**Task item**
From the line containing "Dog Poop Garbage" to the line containing "FOCACCIA RUSTICA PUGLIESE" in the records below, set down every line exactly as it stands, both ends included, and skip the pictures.

--- Material supplied Enclosed Below ---

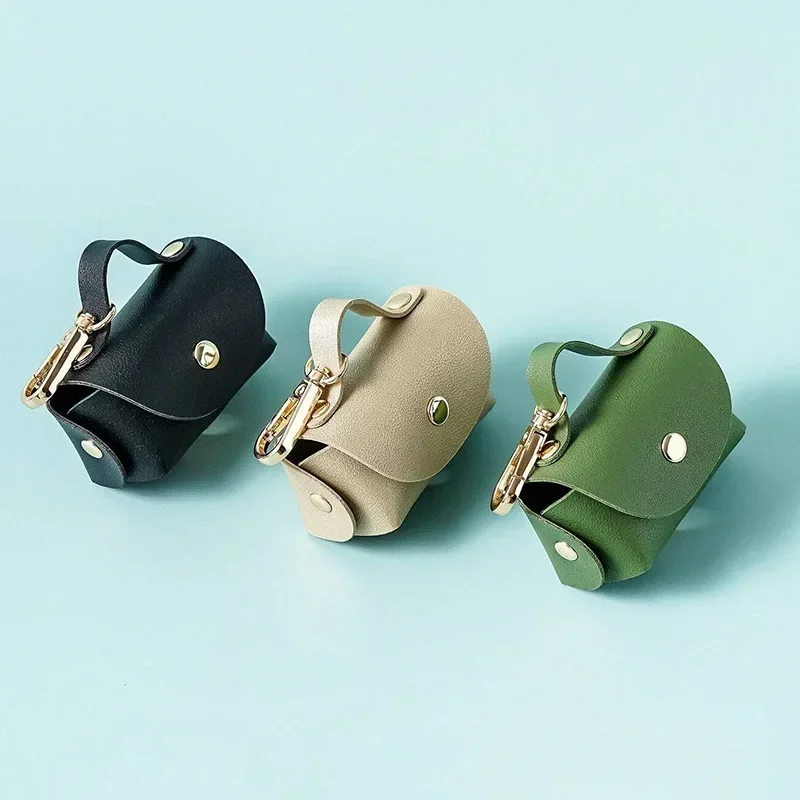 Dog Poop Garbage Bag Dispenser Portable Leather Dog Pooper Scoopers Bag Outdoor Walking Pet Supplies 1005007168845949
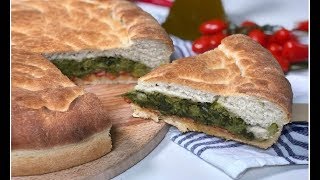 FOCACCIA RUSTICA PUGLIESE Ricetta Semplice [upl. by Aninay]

--- End of Enclosed Material supplied ---
--- Material supplied Enclosed Below ---

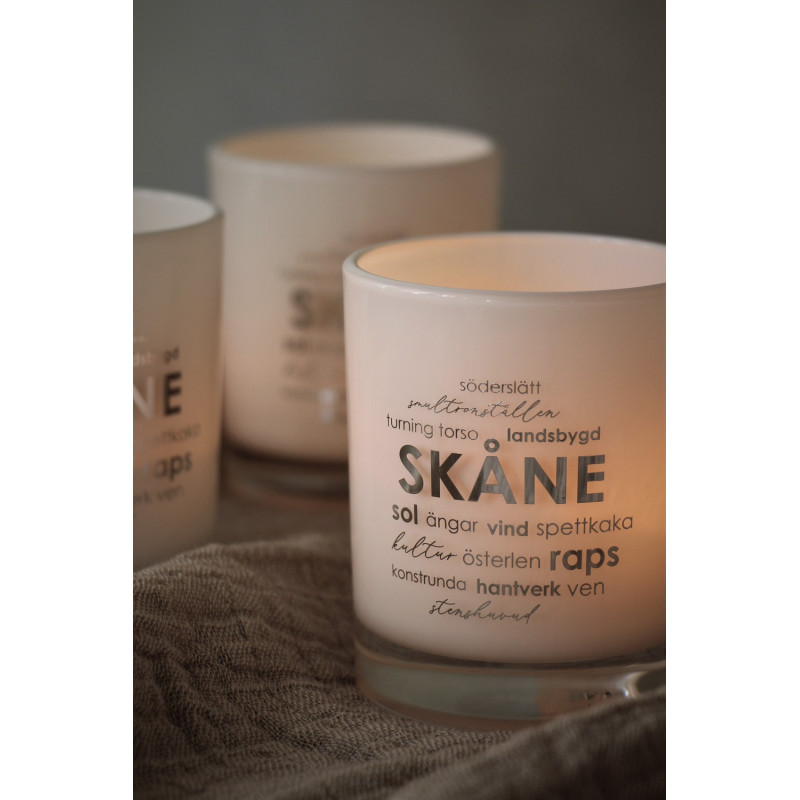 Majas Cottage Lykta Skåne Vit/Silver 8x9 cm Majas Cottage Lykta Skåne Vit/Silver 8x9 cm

--- End of Enclosed Material supplied ---
--- Material supplied Enclosed Below ---

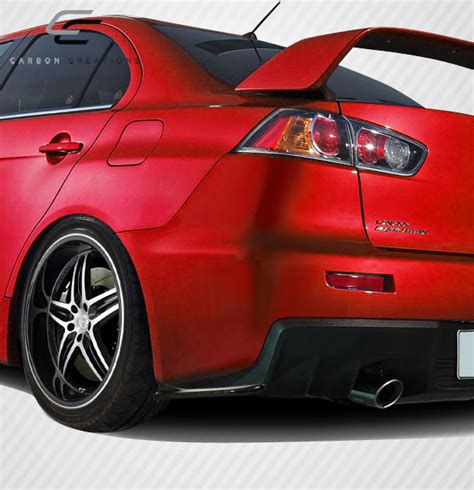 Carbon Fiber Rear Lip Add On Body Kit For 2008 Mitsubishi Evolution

--- End of Enclosed Material supplied ---

**Result of this task**
 Dog Poop Garbage Bag Dispenser Portable Leather Dog Pooper Scoopers Bag Outdoor Walking Pet Supplies 1005007168845949
 FOCACCIA RUSTICA PUGLIESE Ricetta Semplice [upl. by Aninay]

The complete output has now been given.